セーレンは走り寄って、一人の胸倉を掴んだ。
「言うな!」
泥が跳ね、手が滑る。
押し倒され、頬に拳が当たった。
地面の冷たさと、怒りで涙が滲んだ。
家に戻ると、シャツが泥と血で汚れていた。
父が玄関に立っていた。
「喧嘩か。」
「……父さんのこと言われた。」
「何を。」
「神に逆らったって。馬鹿だって。何にも知らないのはあいつらなのに。祈れば治るなんて、馬鹿じゃないか。」
父は黙ってタオルを渡した。
「拭け。」
「なんで黙ってるんだよ!」
セーレンの声が震えた。
「言い返してよ! 父さんが悪いわけじゃないのに!」
「……言っても、変わらん。」
「変わるよ!」
叫んだあと、喉が痛くなった。
父は少し目を伏せ、
「祈る方が、あの人たちには楽なんだ。
……楽というより、そうして生きるしかないんだ。」と呟いた。
「楽?」
「祈れば、神に責任を預けられる。
けど、薬は違う。自分が選んで飲むんだ。
その違いが、怖いんだろう。

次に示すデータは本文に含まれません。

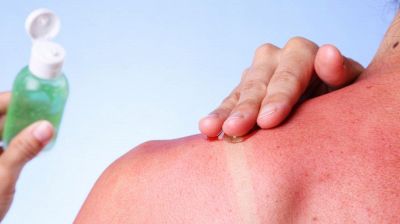 Scottature e arrossamenti? Ecco 7 doposole naturali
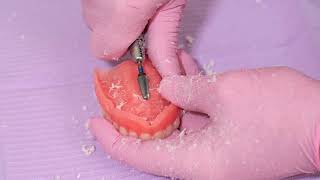 SOFRELINER TOUGH® Tips amp Tricks – Preparing the Denture Surface [upl. by Maiga586]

」
カスパルの声には、どこか遠い静けさがあった。
それは諦めではなく、すでに何かを知っている人の沈黙だった。
セーレンには、それが“立ち止まっているように”しか見えなかった。
だが後に彼自身が、努力しても届かないという場所に立ったとき、
この沈黙の意味を、痛みの中で理解することになる。
それからしばらくして、診療所の灯が消える日が増えた。
患者が来ない夜、カスパルは机に向かい、瓶のラベルを並べ直していた。
セーレンは隣で、黙って書庫の本を開いた。
読んでも読んでも、胸の奥の熱は消えなかった。
丘の外れに立つその家は、村の明かりからも遠く、夜になると風の音しか聞こえなかった。
かつては、疫病の隔離のために造られた建物。
石壁と木の梁のあいだから、かすかに潮の匂いがする。
セーレンはその孤独な空間が嫌いではなかった。
静かだからこそ、父の息づかいが聞こえる。
けれど、ある夜ふと気づいた。
その息づかいが、もう“寂しさ”の音になっていることに。
セーレンは窓の外の村を見た。
遠くの灯がいくつか、風に揺れている。
あの灯の下で、自分を笑った子どもたちが眠っている。
怒りよりも、ただ悲しかった。
――父さんの優しさは、あの人たちには届かない。
その夜、セーレンは小さく決意した。
父を守る言葉を持たないなら、
いつか自分が、理屈で父を守れるようになりたい。
世界が理解しないなら、理解してやる。
手のひらを見つめる。
父がいつも魔素を読む手。
その形を、真似してみた。
掌の奥で、何かがわずかに熱を帯びた気がした。